» Work instruction: Should the listing contain images, exclude them; give the rest again exactly.

(Beginning of Given data)

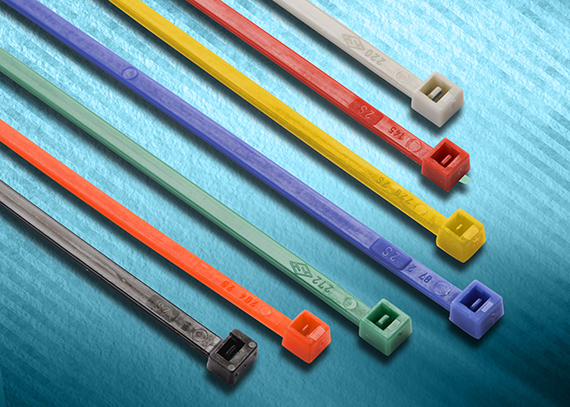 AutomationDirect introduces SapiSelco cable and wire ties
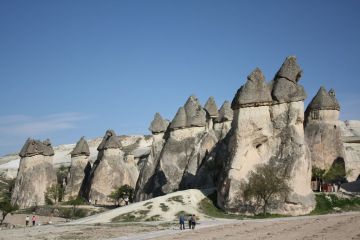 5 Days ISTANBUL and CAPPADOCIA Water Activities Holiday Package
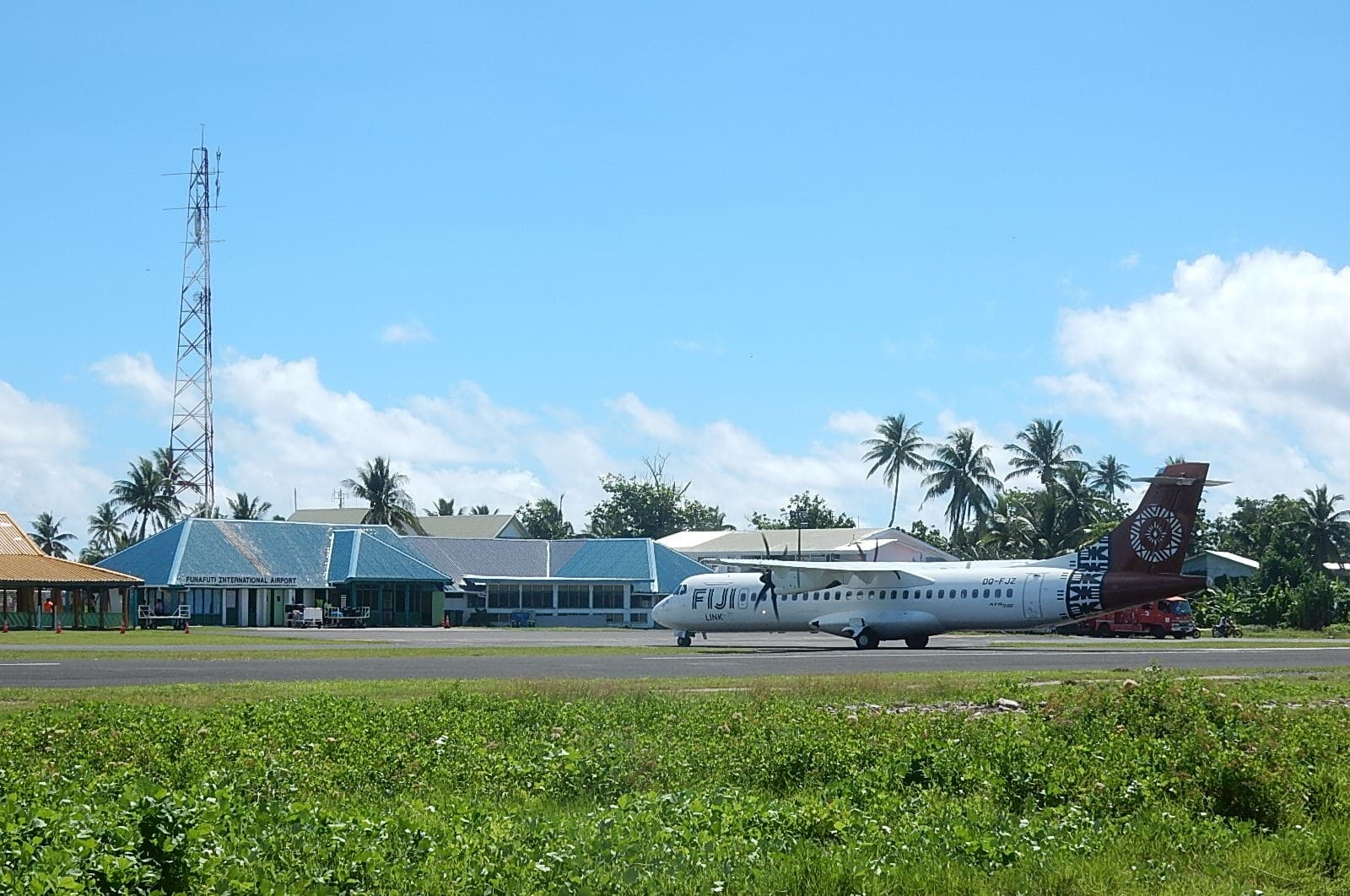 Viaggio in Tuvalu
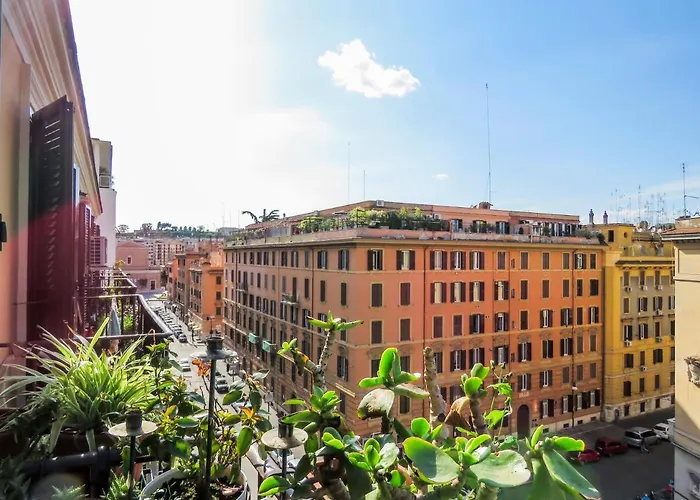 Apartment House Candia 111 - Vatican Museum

(End of Given data)

» Response to this task:
 AutomationDirect introduces SapiSelco cable and wire ties
 5 Days ISTANBUL and CAPPADOCIA Water Activities Holiday Package
 Viaggio in Tuvalu
 Apartment House Candia 111 - Vatican Museum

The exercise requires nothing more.